07 Jun 2013

How to Recognise a Tortoise

Computer vision is an area which I had a distant interest in for quite some time. I appreciate that the task of vision is a complex one and always imagined that there must be some great algorithms behind the task. The process of computer vision, like many areas of artificial intelligence, is one where it is so easy to view the actions of a computer as those of a person. It was this lingering interest, with a touch of reverence, that prompted me to choose a vision project in my final year of university. It completely changed the way I think about artificial intelligence.

My final year project performs statistical object recognition using Grassmannian Manifolds. It is an interesting technique. I enjoyed learning more and more about the field of object recognition throughout the process. The downside however was the more I learnt, the more areas I exposed to the light of knowledge the fewer areas there were for that great secret of artificial intelligence to hide. The secret of course is a disappointing one: it is all a sham. There is a man behind the curtain.

I don’t mean to belittle the achievements of artificial intelligence researchers here, there is a lot of great research going on out there. The problem I have is more one of perception. The more I learnt about the area the more the realisation dawned that I didn’t consider the process intelligence. The computers were just following an algorithm, carrying out a pre-determined process. Some would argue that the human brain is just a computer carrying out an incredibly complex program, however I feel that there is some form of difference. Until the algorithm, if there is one, that determines our actions is known the mist surrounding our actions will always separate my perception of humans and computers.

What About the Tortoise?

Intelligent or not I am proud of my application. It performs recognition using a statistical representation of images. If we want the computer to recognise an example object, such as George the tortoise, we first need to make sure that the program knows about tortoises. We do this using a set of images of several stock tortoises. The images of each tortoise are grouped together into a Maifold, a representation of them in a higher dimensional space.

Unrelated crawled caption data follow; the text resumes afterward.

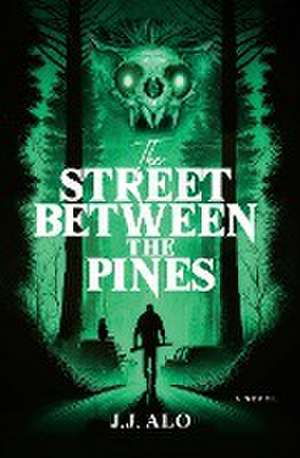 The Street Between the Pines de J. J. Alo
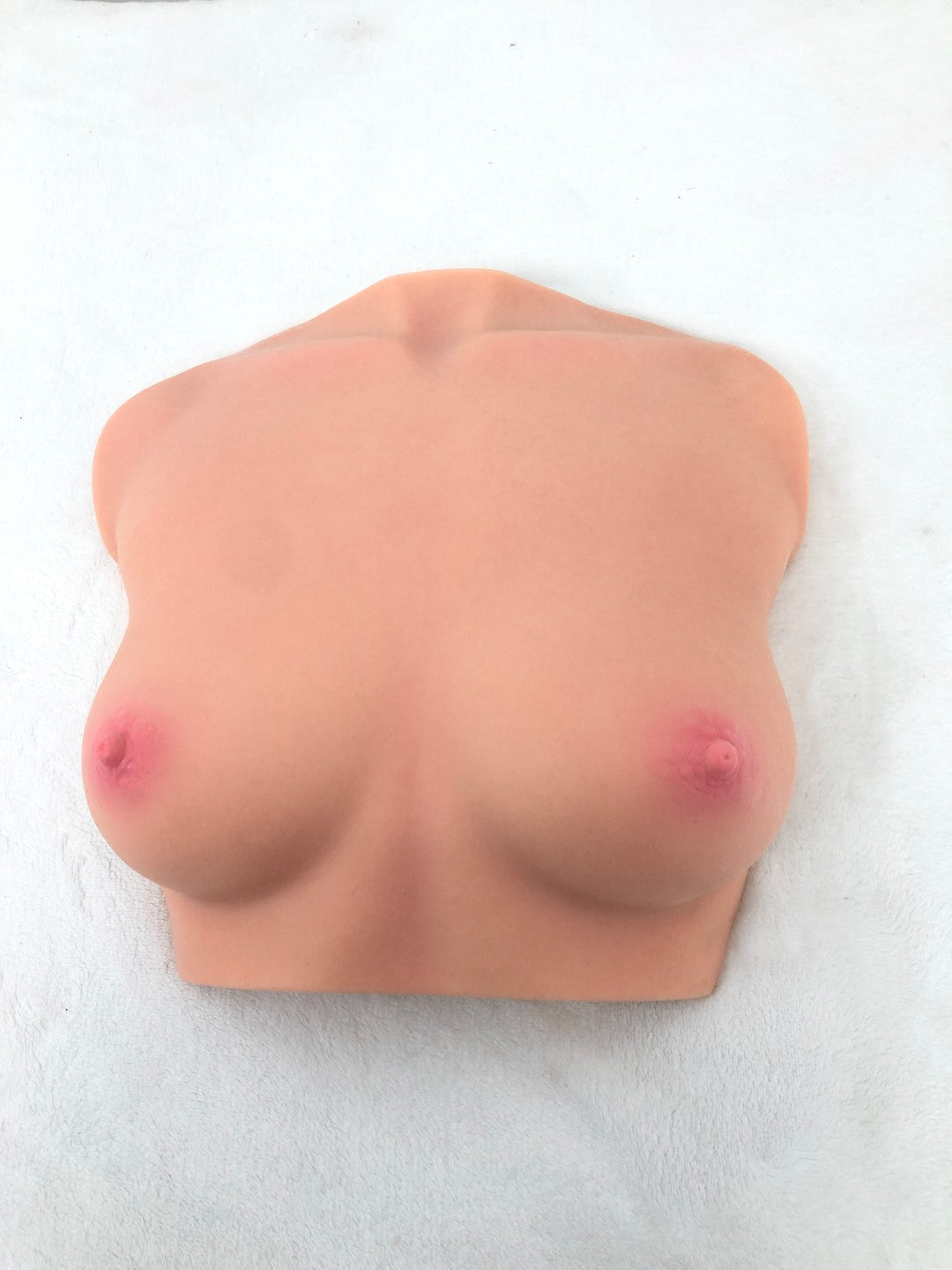 Borst(S) Torso Sekspop (Climax Doll Pro B-cup Siliconen)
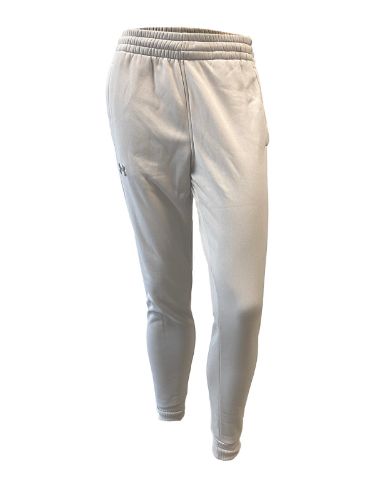 Joggebukse i fleece fra Under Armour  Dette er en lett og komfortabel fleecebukse til herre med god passform.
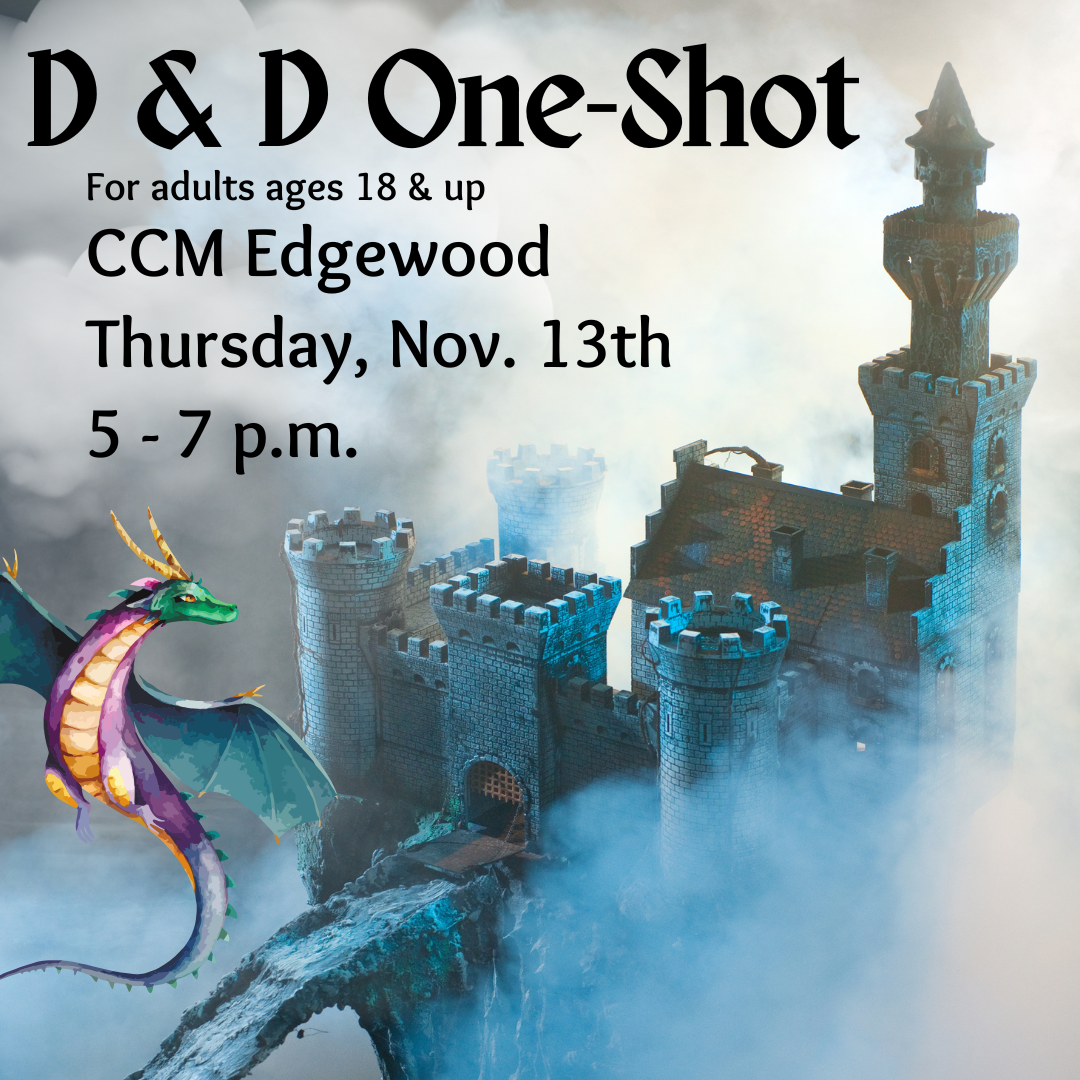 D&D One-Shot EW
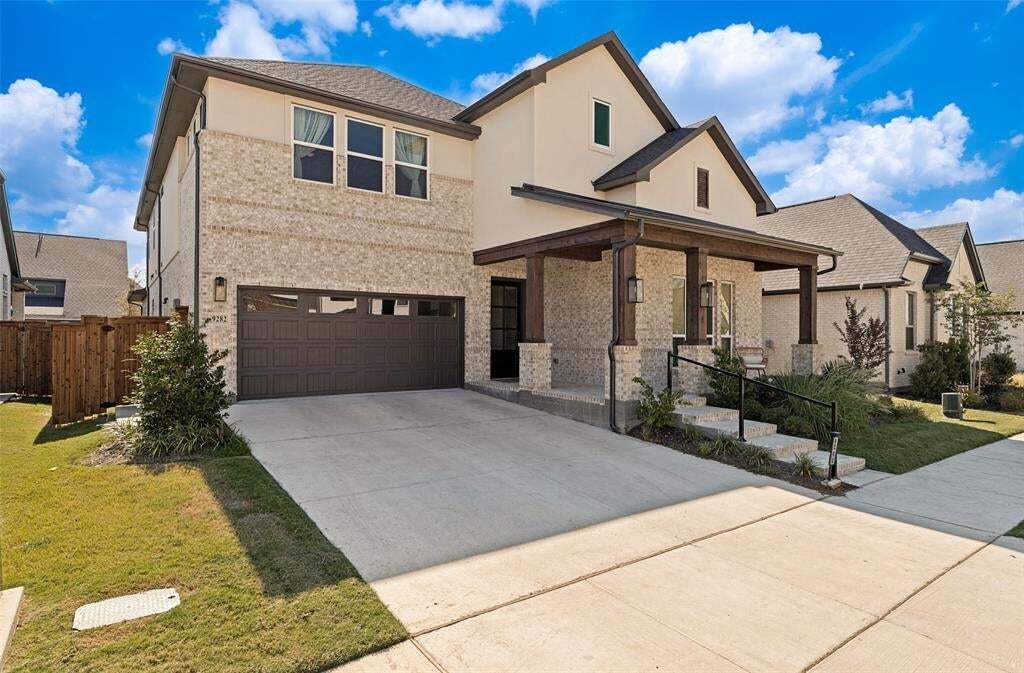 Haus in Frisco, Texas, Vereinigte Staaten 2 - 19172766
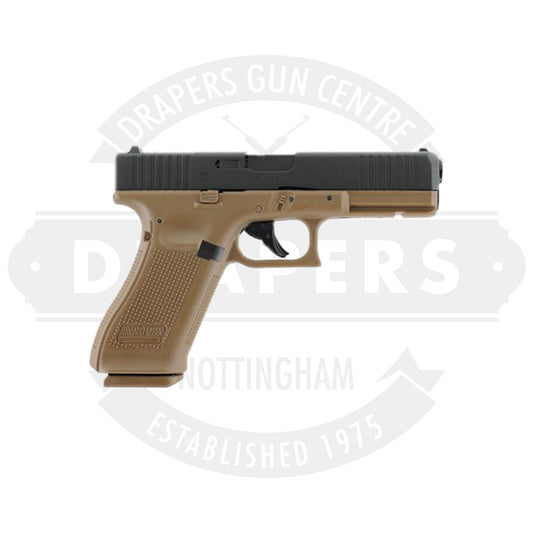 Umarex Glock 17 Gen 5 Coyote 4.5mm BB
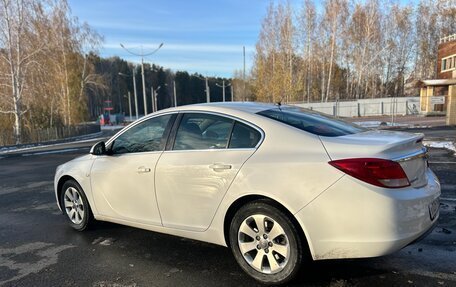 Opel Insignia II рестайлинг, 2012 год, 900 000 рублей, 7 фотография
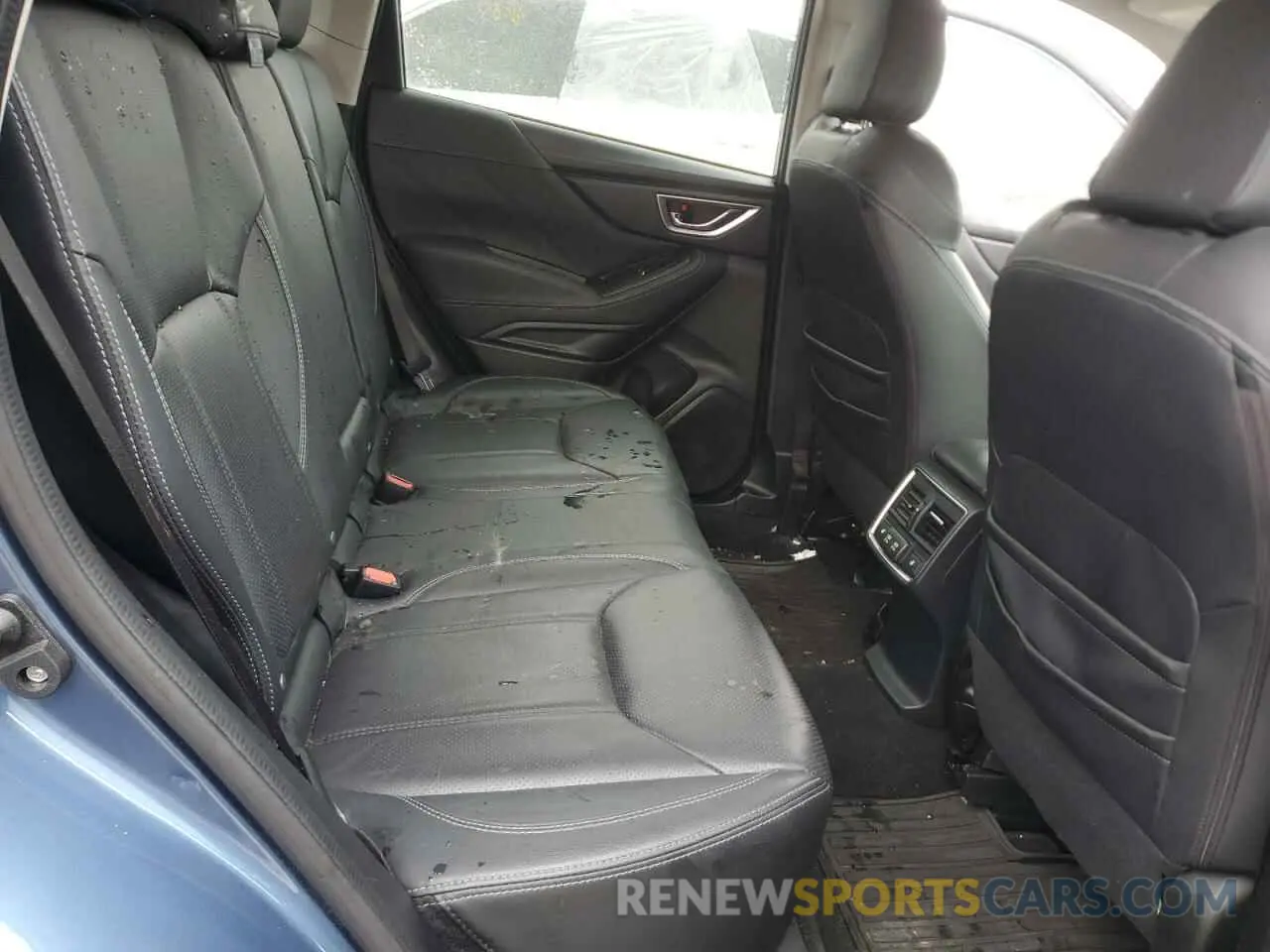 11 Photograph of a damaged car JF2SKAWCXKH593401 SUBARU FORESTER 2019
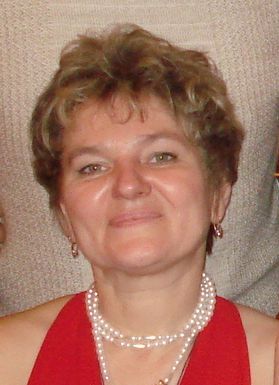 Людмила Шведова(Валуева)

When we want to recognise George we take some pictures of him too. With these images we compute his manifold representation too. From this representation we can decide what type of object George is. This stage is known as classification.

In my project a simple classifier is used that simply picks an object type based upon the closest objects that the program knows about in the higher dimensional space to the one it is trying to classify. This is referred as the K-Nearest Neighbour classifier by those in the know. It is simple, but effective. My application was ~88-92% accurate with the test data sets I used.

Can I See a Picture of George?

Sure can: George, the mightiest of tortoises

Cute isn’t he? Until next time, have fun!